Jaksa mengatakan tindakan Karen merugikan pemerintah sebesar $113,8 juta, atau $1,77 triliun.

Menurutnya, kejahatan terhadap Karen dan SVP Gas and Power PT Pertamina periode 2013-2014, Ni Andiani dan Direktur PT Pertamina Gas 2012-2014 Harry Cariugliarto Rp 1,09 miliar dan 104,01 USD membuatnya kaya raya.   

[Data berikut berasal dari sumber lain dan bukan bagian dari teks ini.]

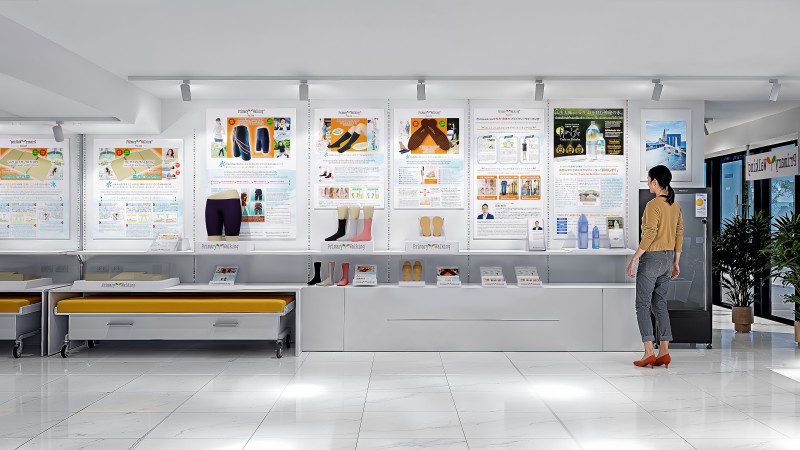 Product Display Design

Menurut jaksa, PT Pertamina membeli LNG untuk memenuhi kebutuhan dalam negeri pada periode 2011-2021.

Namun Karen tidak meminta tanggapan tertulis dari Direksi PT Pertamina dan persetujuan General Managers’ Association (RUPS). 

Meski belum mendapat tanggapan dari Dewan Komisaris dan persetujuan RUPS, Yeni mewakili Pertamina dalam penandatanganan Perjanjian Jual Beli LNG dengan Copus Christu Liquefaction. 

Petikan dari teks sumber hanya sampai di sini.